De nombreuses études ont tenté de corréler le polymorphisme des gènes liés au métabolisme de la vitamine D (synthèse, biodisponibilité, signalisation) ou les taux sanguins de vitamine D, libre ou totale, avec le risque de cancer ou la réponse aux traitements anticancéreux chez l’homme [ 11 ]. Cependant, ces études ont produit des résultats contradictoires. Pour contourner les limitations inhérentes aux données recueillies (par exemple, l’impact de l’alimentation ou de l’exposition au soleil), les auteurs ont utilisé une signature transcriptomique des gènes cibles du récepteur de la vitamine D comme substitut de la biodisponibilité et de l’activité de la vitamine D dans les tissus. Ils montrent que cette signature, composée de 237 gènes, est positivement corrélée à la survie de patients atteints de cancer du foie, du sein, de la peau et de la prostate, à un stade moins avancé de leur maladie, et à une meilleure réponse des patients aux traitements par inhibiteurs de points de contrôle immunitaire. Ainsi, une faible biodisponibilité tissulaire de vitamine D est associée à une résistance à ce traitement et à une survie plus faible des patients.

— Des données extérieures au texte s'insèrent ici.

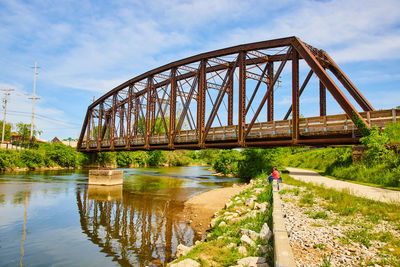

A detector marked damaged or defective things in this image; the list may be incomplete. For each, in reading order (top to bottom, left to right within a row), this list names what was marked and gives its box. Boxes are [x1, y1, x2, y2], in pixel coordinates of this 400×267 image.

rusty steel truss [78, 36, 382, 152] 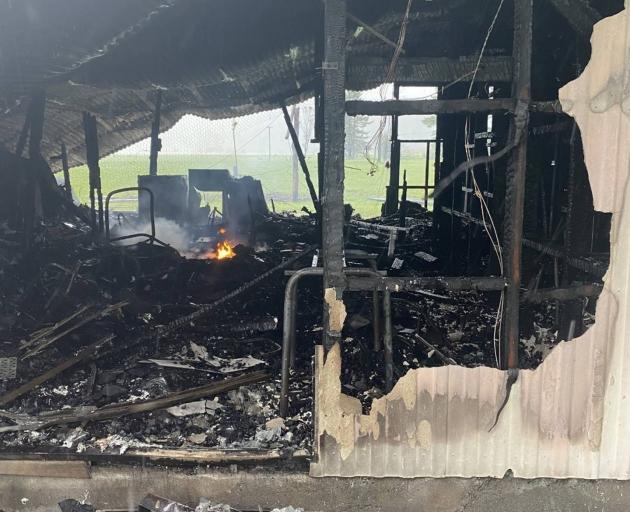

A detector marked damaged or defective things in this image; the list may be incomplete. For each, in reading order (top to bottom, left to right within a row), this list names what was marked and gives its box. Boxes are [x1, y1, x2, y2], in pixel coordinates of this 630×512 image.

charred debris pile [0, 189, 584, 460]
charred wooden beam [282, 103, 320, 215]
vertical charred post [324, 0, 348, 352]
charred wooden beam [324, 0, 348, 352]
charred wooden beam [348, 56, 516, 89]
charred plywood [314, 2, 630, 478]
peeling painted wall panel [314, 2, 630, 478]
charred wooden beam [504, 0, 532, 370]
vertical charred post [504, 0, 532, 370]
charred wooden beam [548, 0, 604, 39] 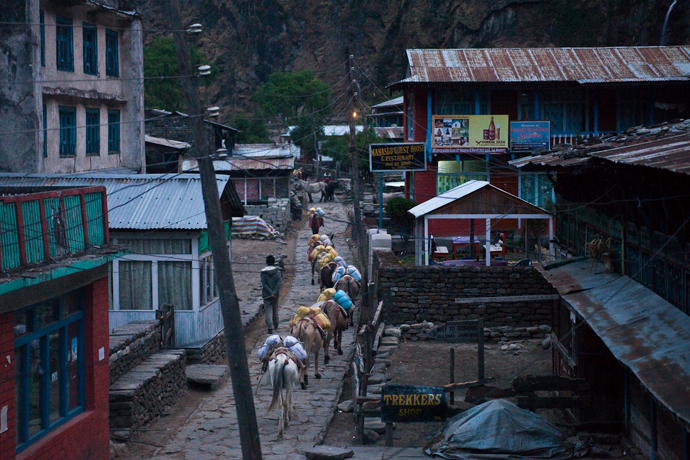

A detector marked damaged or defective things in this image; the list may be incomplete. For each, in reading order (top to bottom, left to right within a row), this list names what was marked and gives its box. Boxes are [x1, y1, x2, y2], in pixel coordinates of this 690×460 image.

rusty metal roof [388, 46, 688, 87]
rusty metal roof [508, 135, 688, 176]
rusty metal roof [540, 260, 688, 430] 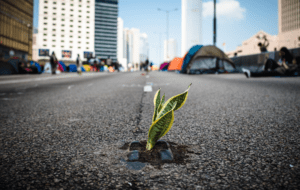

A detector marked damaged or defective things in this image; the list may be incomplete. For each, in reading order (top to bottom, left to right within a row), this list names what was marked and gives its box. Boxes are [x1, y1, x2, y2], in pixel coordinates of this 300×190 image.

cracked asphalt [0, 72, 300, 189]
pothole [119, 140, 190, 169] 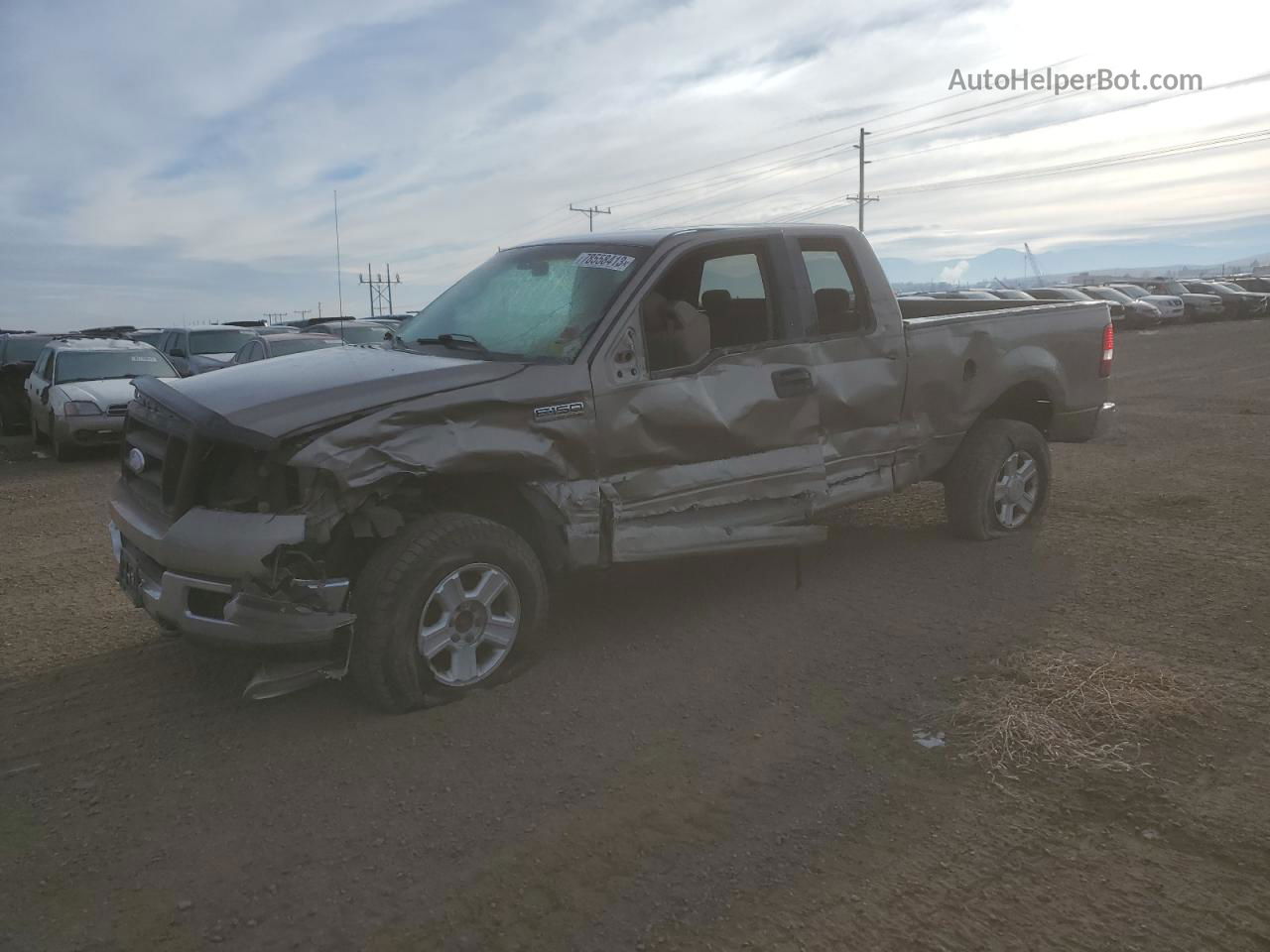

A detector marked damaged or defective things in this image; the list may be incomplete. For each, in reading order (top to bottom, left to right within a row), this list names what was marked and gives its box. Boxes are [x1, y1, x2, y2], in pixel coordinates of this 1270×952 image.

shattered windshield [399, 244, 643, 363]
damaged ford f-150 [111, 227, 1119, 710]
wrecked sedan [114, 225, 1119, 706] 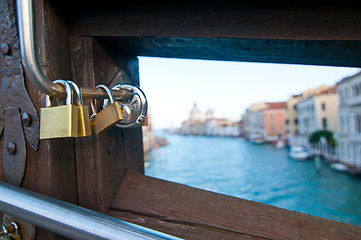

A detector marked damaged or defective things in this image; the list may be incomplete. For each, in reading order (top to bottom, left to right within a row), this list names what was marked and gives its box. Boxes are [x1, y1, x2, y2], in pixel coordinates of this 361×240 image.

rusty metal bracket [0, 0, 39, 186] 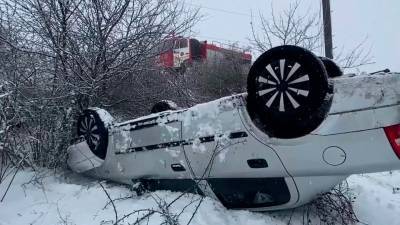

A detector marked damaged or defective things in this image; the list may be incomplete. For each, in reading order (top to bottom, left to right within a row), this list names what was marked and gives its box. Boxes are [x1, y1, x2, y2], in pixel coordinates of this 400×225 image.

Les auteurs suggèrent que la disponibilité de la vitamine D oriente le microbiote intestinal vers une flore favorisant l’immunité antitumorale et une réponse plus efficace aux inhibiteurs de points de contrôle immunitaire chez la souris, et que la bioactivité de cette vitamine est associée à une évolution favorable de la maladie cancéreuse chez l’homme. Ils envisagent donc la supplémentation en vitamine D comme une option thérapeutique potentielle ( Figure 1C ). Cependant, la littérature médicale sur l’efficacité de la supplémentation en vitamine D dans la réponse antitumorale chez les patients, bien qu’abondante, est contradictoire [ 12 ]. La vitamine D joue de nombreux rôles essentiels pour notre santé, qu’il s’agisse de son rôle dans l’homéostasie phospho-calcique, dans la minéralisation osseuse, ou encore dans le fonctionnement du système immunitaire et l’induction de la tolérance immunitaire, son récepteur étant exprimé par de nombreuses cellules de l’immunité innée et adaptative [ 13 ]. La vitamine D est également impliquée dans le maintien de l’intégrité de la barrière épithéliale intestinale. Cette pléiotropie explique en partie la difficulté de conclure à la spécificité d’un bénéfice thérapeutique de la supplémentation en vitamine D en cancérologie, en vaccinologie et dans les maladies inflammatoires chroniques de l’intestin [ 14 ]. Ainsi, d’autres travaux de recherche, tant dans des modèles animaux précliniques que chez l’homme, sont nécessaires pour clarifier les liens entre la disponibilité de la vitamine D, le microbiote et les réponses immunitaires immunogénique et tolérogénique. Ces études devraient permettre de mieux comprendre comment mobiliser le microbiote intestinal par la supplémentation en vitamine D afin de maximiser l’effet bénéfique de nouvelles thérapies.